There needs to be a way to associate a note with a user. This needs a table in the database, some would call it users_notes, personally I prefer users_rel_notes, (perhaps Datamapper has a convention for this… YMMV). Anyway, the table will have a minimum of 2 columns - the user's id, and the note id. You don't need a separate table as I wrote before (I'm lacking a bit of sleep, sorry!), that would be for a many to many relationship where a user could have several notes and a note could be associated with several users. For what you have, where only the owner of a note has access to it, it requires a one to many relationship. You could add a column to the notes table to store the user id.
Then, in the User class, add an association to the Note class, it's a one to many association and in Datamapper that's a has n, e.g.
has n, :notes
Now when you have a user instance, you can (probably) call the notes for that user via:
user.notes
I see you have the helper current_user defined, so if someone is logged on you could call current_user.notes to get back all the notes for the logged in user.

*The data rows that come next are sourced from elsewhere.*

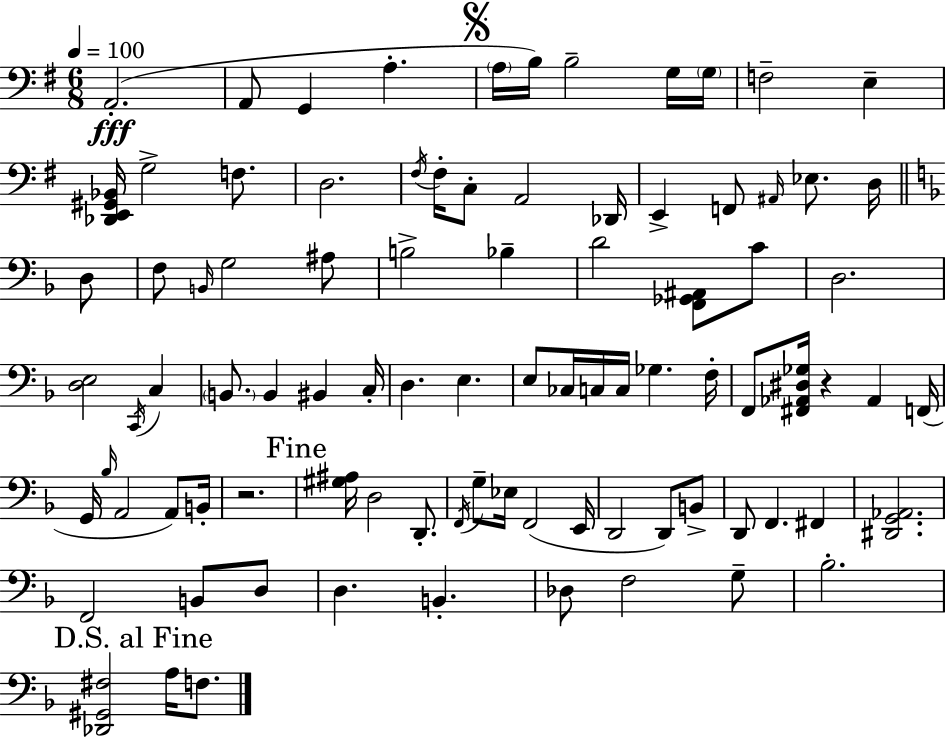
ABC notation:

X:1
T:Untitled
M:6/8
L:1/4
K:G
A,,2 A,,/2 G,, A, A,/4 B,/4 B,2 G,/4 G,/4 F,2 E, [_D,,E,,^G,,_B,,]/4 G,2 F,/2 D,2 ^F,/4 ^F,/4 C,/2 A,,2 _D,,/4 E,, F,,/2 ^A,,/4 _E,/2 D,/4 D,/2 F,/2 B,,/4 G,2 ^A,/2 B,2 _B, D2 [F,,_G,,^A,,]/2 C/2 D,2 [D,E,]2 C,,/4 C, B,,/2 B,, ^B,, C,/4 D, E, E,/2 _C,/4 C,/4 C,/4 _G, F,/4 F,,/2 [^F,,_A,,^D,_G,]/4 z _A,, F,,/4 G,,/4 _B,/4 A,,2 A,,/2 B,,/4 z2 [^G,^A,]/4 D,2 D,,/2 F,,/4 G,/2 _E,/4 F,,2 E,,/4 D,,2 D,,/2 B,,/2 D,,/2 F,, ^F,, [^D,,G,,_A,,]2 F,,2 B,,/2 D,/2 D, B,, _D,/2 F,2 G,/2 _B,2 [_D,,^G,,^F,]2 A,/4 F,/2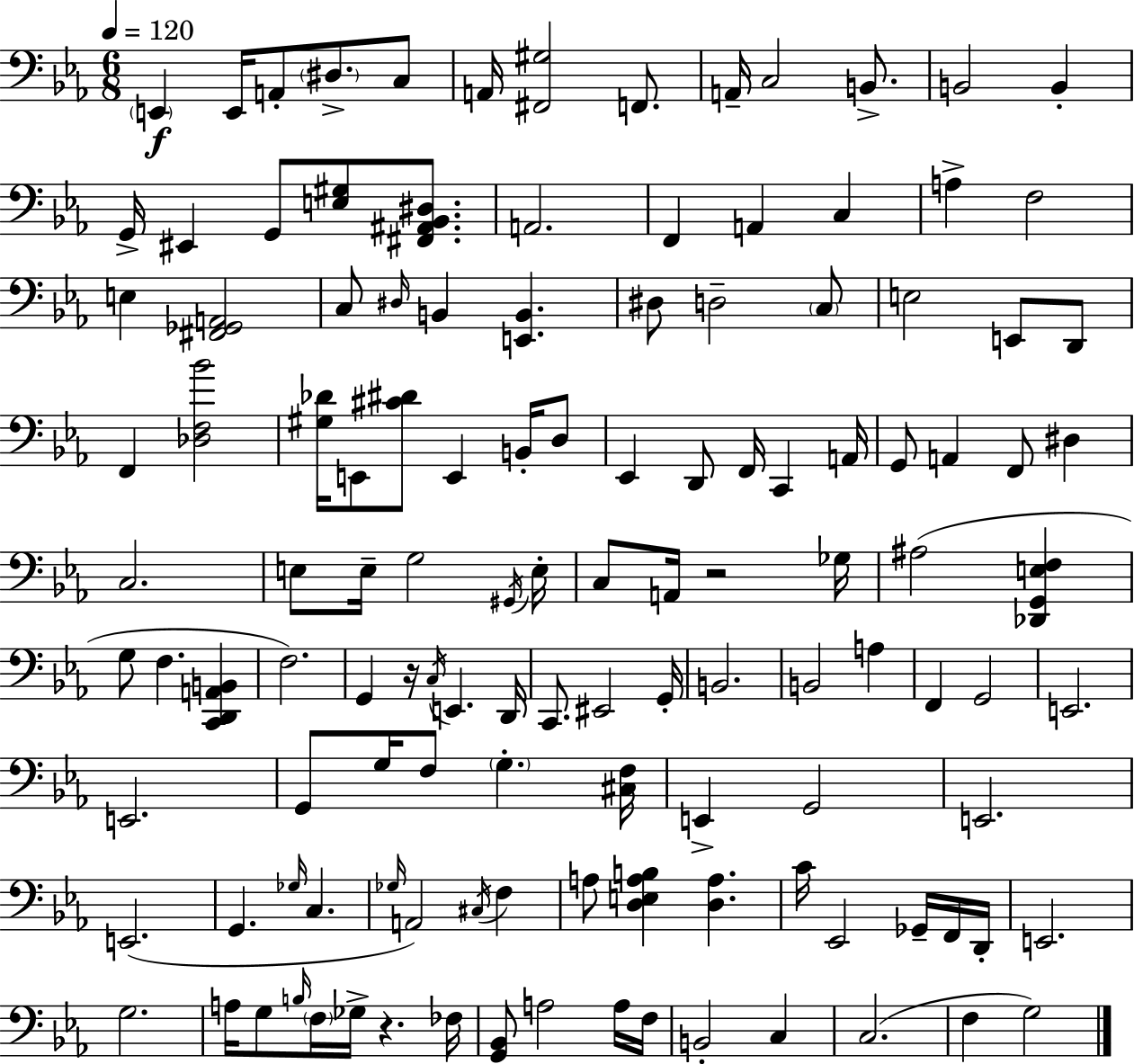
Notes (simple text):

E2/q E2/s A2/e D#3/e. C3/e A2/s [F#2,G#3]/h F2/e. A2/s C3/h B2/e. B2/h B2/q G2/s EIS2/q G2/e [E3,G#3]/e [F#2,A#2,Bb2,D#3]/e. A2/h. F2/q A2/q C3/q A3/q F3/h E3/q [F#2,Gb2,A2]/h C3/e D#3/s B2/q [E2,B2]/q. D#3/e D3/h C3/e E3/h E2/e D2/e F2/q [Db3,F3,Bb4]/h [G#3,Db4]/s E2/e [C#4,D#4]/e E2/q B2/s D3/e Eb2/q D2/e F2/s C2/q A2/s G2/e A2/q F2/e D#3/q C3/h. E3/e E3/s G3/h G#2/s E3/s C3/e A2/s R/h Gb3/s A#3/h [Db2,G2,E3,F3]/q G3/e F3/q. [C2,D2,A2,B2]/q F3/h. G2/q R/s C3/s E2/q. D2/s C2/e. EIS2/h G2/s B2/h. B2/h A3/q F2/q G2/h E2/h. E2/h. G2/e G3/s F3/e G3/q. [C#3,F3]/s E2/q G2/h E2/h. E2/h. G2/q. Gb3/s C3/q. Gb3/s A2/h C#3/s F3/q A3/e [D3,E3,A3,B3]/q [D3,A3]/q. C4/s Eb2/h Gb2/s F2/s D2/s E2/h. G3/h. A3/s G3/e B3/s F3/s Gb3/s R/q. FES3/s [G2,Bb2]/e A3/h A3/s F3/s B2/h C3/q C3/h. F3/q G3/h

Remember, when you add a note to make sure you add a record to the association table, (probably, read the link) via user.notes << my_new_note.
The session is the information you keep around to identify the user and any other little bits of info that you may recurrently need. The likelyhood is, you're just storing an id for the user, or the facebook token that identifies them, and then during a request, if it's needed then you'll look inside the cookie, grab the id, look up that user by the id and get a user instance. Session info can be stored in several ways, most often cookies but you can use anything you would use to store any other data.
I'm using a JRuby(latest, 1.7 RC2)/Sinatra mix on the Trinidad server, for background info.
get "/" do
#user = session[:user] || [3,2]
puts session[:user]
haml :home
end
get "/signed_in" do
"#{session[:loggedin]}"
end
post "/signup" do
user = User.create(:username => params[:username], :password => Digest::SHA1.hexdigest(params[:password]))
session[:user] = user
session[:loggedin] = true
puts session[:user]
end'
What I expect as output is (with comments):
# blank line
#<User:0x4049839a>
#<User:0x4049839a>
But what I really get is:
# blank line
#<User:0x4049839a>
# blank line
And after the post, /signed_in will still have no value to output, when it really should be true.
Why aren't these values being kept? No, I'm not using shotgun, I do have sessions enabled, and I do have a session secret set up.
You cannot keep DataMapper resources in session variables. Instead put the key to your user object in your session variable and use a before helper to set #user = User.first(session[:user]) and use the #user instance variable throughout your application
Also, you do not need the session[:loggedin] entry, just use #user.nil?